Film: ‘Kick-Ass’ kicks ass
Starring Aaron Johnson, Christopher Mintz-Plasse, Mark Strong, Chloe Grace Moretz and Nicolas Cage. Directed by Matthew Vaughn. Rated R; 1:57. LEO Report Card: A
Opening just as the comic does from the unreachable ideal to the stilted and limited real world, the camera flies in through the clouds to land in a nowhere city on a nerdy high school kid. “Kick-Ass” starts with strong acting and dialogue and builds up steam from there. There’s more blood than the comic, all the witty lines you wanted (plus more) and, good god, director Matthew Vaughn (“Stardust,” “Layer Cake”) actually pulls off some breathtakingly original and striking shots. I really don’t know how he found the time — because he also wrote the screenplay.

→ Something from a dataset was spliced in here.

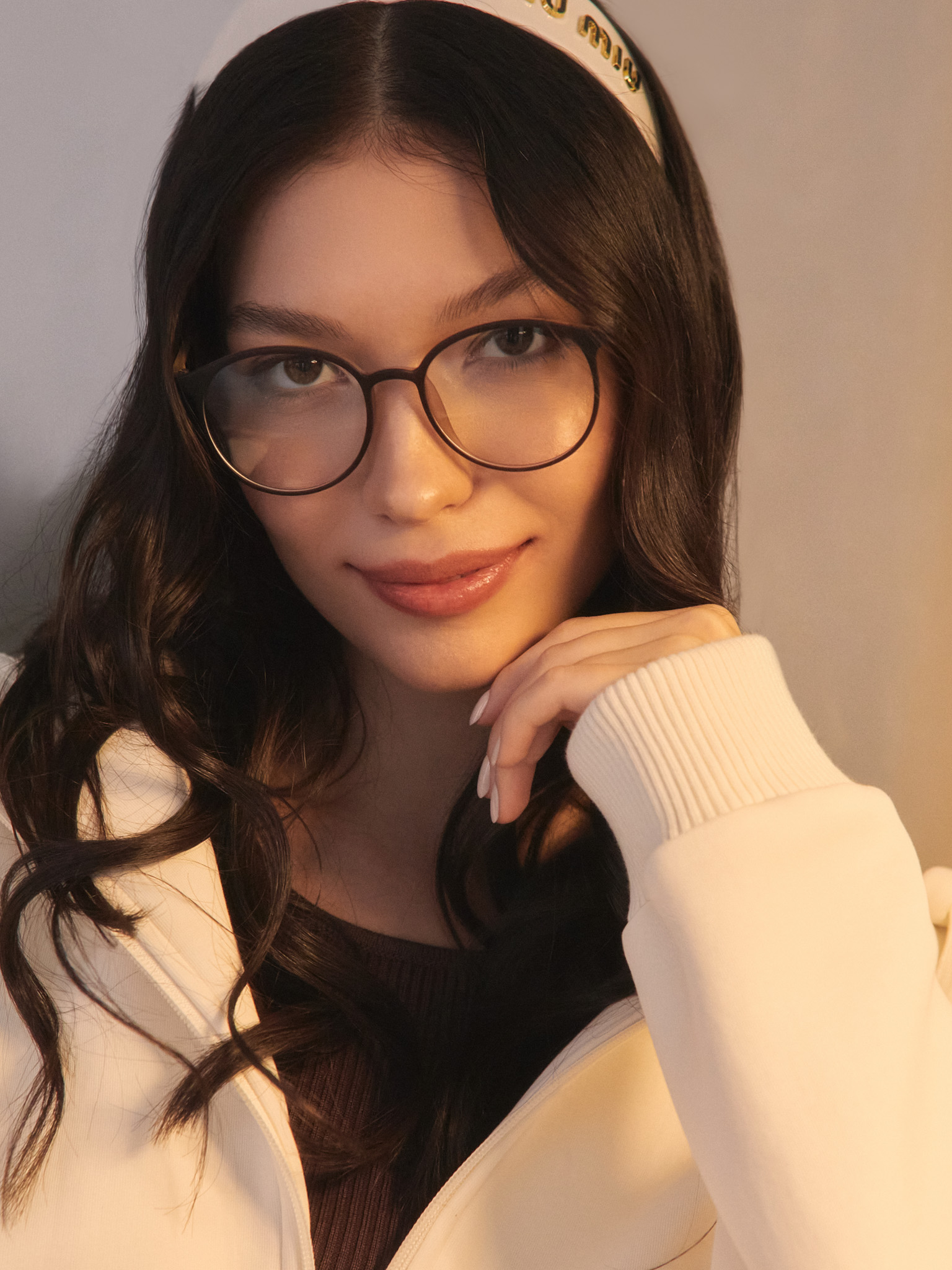 Decorative glasses with round lenses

But enough about the comic. After “Watchmen,” I’ve heard enough BS about what a good job a movie did staying true to the comic, and I want to make it clear: Under no circumstances should the quality of a movie be based on this criteria. That said, this movie stuck with the comic almost frame by frame for the first half hour — and was right to do it. It’s a tightly written work that translates seamlessly to the screen, and really, if Vaughn wanted to, he could have done the whole movie like that, translated literally panel by panel, and still had a great work on his hands. But it is precisely where he veers from the storyline that he does his best work.

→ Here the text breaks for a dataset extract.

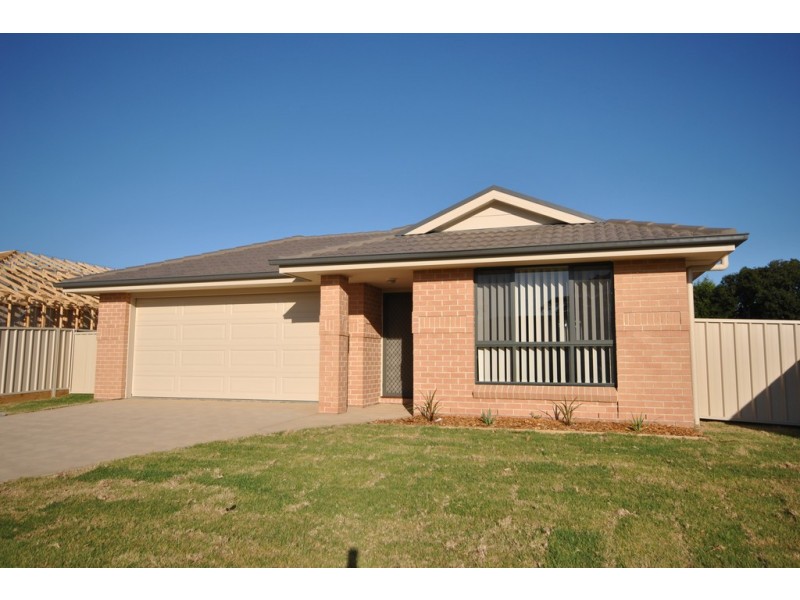 29 Candlebark Close, West Nowra NSW 2541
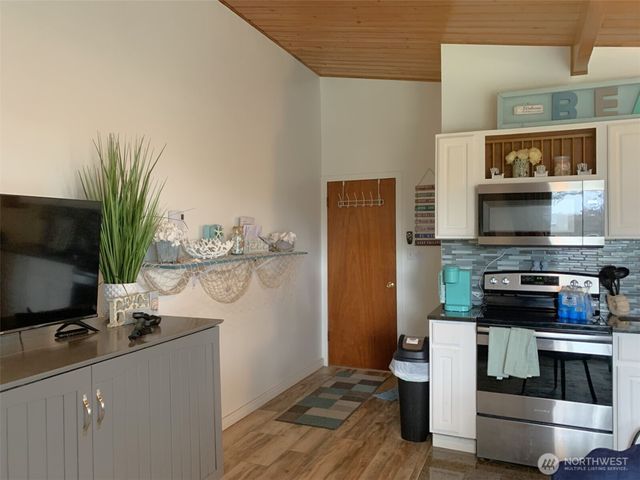 757 Ocean Court NW #20, Ocean Shores, WA 98569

So how was the movie on its own? Fucking awesome. Thanks to recent movies that push the boundaries of off-beat comedy to new heights (“Pineapple Express” and “Superbad” are more kin to this movie than “X-Men”), this movie had the freedom to actually present the most accurate picture not only of the world of “Kick-Ass,” but also of the one we live in now. Because of this, “Kick-Ass” turned out not to be a superhero movie, a comedy or an action flick — but an amazing mix of all of the above (plus some indie overtones). And because of that, it was all the more believable. At almost no point are you asked to accept a bizarre fantasy world in which superheroes are accepted or treated as normal, but instead you find yourself giggling at the film’s scuba tights all the way through because, damn, even if you found yourself in that situation, you know every glance in the mirror would be a strange one.

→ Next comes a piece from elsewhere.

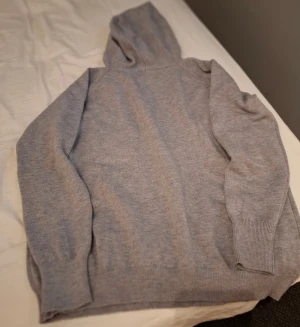 Kashmir hoodie s/xs  - Hej! Säljer denna feta kashmir hoodien då den är för liten det finns ingen lap med storlek i så jag antar att den är i storlek s xs. Jag på bilden är 176 skulle säga att den passar en kille som har s xs. Skriv vid funderingar frågor mvh. Pris ej hugget I sten!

This is the foundation of the story: How in the world, after all of these superhero comics and movies, is it possible that not even one person has suited up and taken to the streets to fight crime? It really does seem strange to me that this hasn’t happened yet (except in the case of Anglegrinder Man who lives in the U.K. and has taken it upon himself to grind the boots off of any car he finds with one). “Kick-Ass,” more than “Watchmen,” which, as tradition states, is a serious look at what the world would be like if superheroes were real people with real problems, shows us what it would really be like if you, the average chud, decided to suit up and prowl the streets. It maintains its amazingly realistic world through loads of lost fights and Judd Apatow-style humor, but it pulls no punches when it comes to the bloody action scenes.
This movie is like the anarchist cookbook for would-be superheroes: It never forgets the constant absurdity of the idea, but pushes forward anyway to show us no matter how ridiculous it seems, the strangest thing of all is that no one has done it yet.